Yessss!!!! They put him on the stand and ask him what he does for a living and he’s like “I rob drug dealers.”
HERO.
Because that’s the way you roll! Right?? 😀
Good advice! he he!
Thanks 😉
Yet another ribbon to hang on your belt. Well done.
Thank you, thank you. Just wait until I become the BEST. PARENT. EVERRRR.
When I stop laughing at your story, I’ll share my stories. 🙂
Hahaha can’t wait!
What honeymoon? We are supposed to get a honeymoon?? What the hell! I’ve been gyped! Two marriages and no honeymoon. No wonder the honeymoon ended so fast with mine. There was none! 😉
Really good advice there. Especially the singing part. I can clear a room of humans and animals faster than anything when I sing. haha!
I love when I start singing in the car and Alex ever so subtly turns the radio on. EXCUSE ME?!
When *I* sing, the cats come running and literally shoe a paw down my throat to try and catch whatever may be dying in there, or killing me.Failing that, they take turns peering down my throat to try and observe what the hell is going on.
Hahahaha!!! This comment makes my afternoon.
I don’t even know how many pounds I gained in the first two years of my marriage… like maybe 50 (not a joke). I have lost all of it and extra so it is all very possible. Unfortunately it seems Mr O liked me better fat… which is awkward for him. And something he just needs to get over. Ha ha!
All of that said we do still spend like all of our money on food. All of it.

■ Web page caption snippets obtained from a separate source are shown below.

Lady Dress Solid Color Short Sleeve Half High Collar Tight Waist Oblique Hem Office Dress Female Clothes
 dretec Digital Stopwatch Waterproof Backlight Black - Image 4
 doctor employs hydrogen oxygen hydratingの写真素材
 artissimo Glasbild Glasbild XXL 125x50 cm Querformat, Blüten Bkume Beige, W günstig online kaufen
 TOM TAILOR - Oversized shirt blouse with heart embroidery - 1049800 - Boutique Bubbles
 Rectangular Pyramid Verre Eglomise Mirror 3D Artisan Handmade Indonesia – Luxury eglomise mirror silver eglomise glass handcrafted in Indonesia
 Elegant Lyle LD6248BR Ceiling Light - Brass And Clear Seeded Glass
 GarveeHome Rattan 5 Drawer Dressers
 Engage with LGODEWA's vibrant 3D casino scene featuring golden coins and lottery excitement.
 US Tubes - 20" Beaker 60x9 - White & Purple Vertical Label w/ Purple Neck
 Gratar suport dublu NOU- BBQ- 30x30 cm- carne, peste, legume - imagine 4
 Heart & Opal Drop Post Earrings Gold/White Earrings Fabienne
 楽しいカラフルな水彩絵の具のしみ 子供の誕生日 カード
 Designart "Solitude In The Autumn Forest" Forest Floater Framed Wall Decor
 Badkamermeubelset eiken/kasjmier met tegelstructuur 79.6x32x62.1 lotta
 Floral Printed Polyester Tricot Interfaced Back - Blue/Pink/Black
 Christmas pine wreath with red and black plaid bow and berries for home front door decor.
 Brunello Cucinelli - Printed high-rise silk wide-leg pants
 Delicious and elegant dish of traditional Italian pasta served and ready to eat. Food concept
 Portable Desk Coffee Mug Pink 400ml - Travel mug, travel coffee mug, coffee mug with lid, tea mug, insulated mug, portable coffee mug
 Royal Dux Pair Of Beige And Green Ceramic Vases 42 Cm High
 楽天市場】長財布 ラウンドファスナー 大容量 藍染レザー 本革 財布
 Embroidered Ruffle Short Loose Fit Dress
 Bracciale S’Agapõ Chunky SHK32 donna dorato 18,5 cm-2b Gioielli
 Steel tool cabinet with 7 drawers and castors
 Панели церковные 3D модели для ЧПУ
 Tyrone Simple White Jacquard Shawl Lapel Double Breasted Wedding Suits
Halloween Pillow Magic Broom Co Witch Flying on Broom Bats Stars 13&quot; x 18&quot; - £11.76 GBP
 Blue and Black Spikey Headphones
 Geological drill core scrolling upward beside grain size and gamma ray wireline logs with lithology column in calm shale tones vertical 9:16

I am not even going to touch 3 or 4 because it’s gotten out of control.
You will know you are out of the honeymoon phase when he WhatsApps you from the bathroom with a row of the poop emojis to explain why he still hasn’t come to bed 20 minutes after he went to brush his teeth even though you didn’t ask where he was in the first place.
HAHAHAHAHAHAHA the poop emojis. OMG. Well…. There have definitely been some poop emoji laden conversations already, I assure you.
I have to go to the gym. I have to go to the gym. I HAVE TO GO TO THE GYM.
If you ask me, there’s nothing sexier than, “La la la la la! La la la la la! La la la la la….la la la laaaaaaaa!”
I LOVE IT SO MUCH. And I have sinus infection right now, which is making my voice super scratching. So it will be extra sexy. Sextra.
I’d marry you in a minute ….
Yesssssss. I’ll let you know when I’m available again.
I might have to send your advice to some people I know.
Excellent. Be sure to let them know I am an expert. Sexpert.
How about eating waffles in bed while watching the office and apologizing only in Alanis Morrisette lyrics.
Woah woah woah slow down. That’s got to be like second-level-of-marriage or something and we haven’t unlocked it yet. Someday.
“You gon’ learn TONIGHT.”——>>>>>DEAD! So crazy…
Hahahahahaha the things that come out of one’s mouth….
(that’s what she said)
((STOP IT))
I found the place to be! I can die happy now. As for the honeymoon, doesn’t that last till you have kids? Or one of you contracts a horrible smelly disease?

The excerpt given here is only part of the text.